Table of contents
- Common data analysis tools and “the problem”
- Data analysis issue #1: storing and accessing data
- Data analysis issue #2: maximizing analysis speed and computation efficiency (the bigger the dataset, the bigger the problem)
- Data analysis issue #3: storing and maintaining scripts for data analysis
- Data analysis issue #4: easily utilizing new or additional technologies
- Wrapping up
Time-series data is everywhere, and it drives decision-making in every industry. Time-series data collectively represents how a system, process, or behavior changes over time. Understanding these changes helps us to solve complex problems across numerous industries, including observability, financial services, Internet of Things, and even professional football.
Depending on the type of application they’re building, developers end up collecting millions of rows of time-series data (and sometimes millions of rows of data every day or even every hour!).
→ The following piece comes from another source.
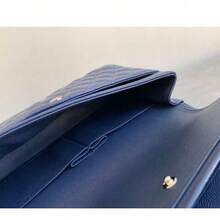 Dark Blue Quilted Leather Shoulder Bag – 26x16x7 Cm Handmade Chain Crossbody Bag With Turn-Lock Closure And Dust Bag - Dark Blue - 查看 9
Making sense of this high-volume, high-fidelity data takes a particular set of data analysis skills that aren’t often exercised as part of the classic developer skillset. To perform time-series analysis that goes beyond basic questions, developers and data analysts need specialized tools, and as time-series data grows in prominence, the efficiency of these tools becomes even more important.
Often, data analysts’ work can be boiled down to evaluating, cleaning, transforming, and modeling data. In my experience, I’ve found these actions are necessary for me to gain understanding from data, and I will refer to this as the “data analysis life cycle” throughout this post.
Excel, R, and Python are arguably some of the most commonly used data analysis tools, and, while they are all fantastic tools, they may not be suited for every job. Speaking from experience, these tools can be especially inefficient for “data munging” at the early stages of the lifecycle; specifically, the evaluating data, cleaning data, and transforming data steps involved in pre-modeling work.
As I’ve worked with larger and more complex datasets, I’ve come to believe that databases built for specific types of data - such as time-series data - are more effective for data analysis.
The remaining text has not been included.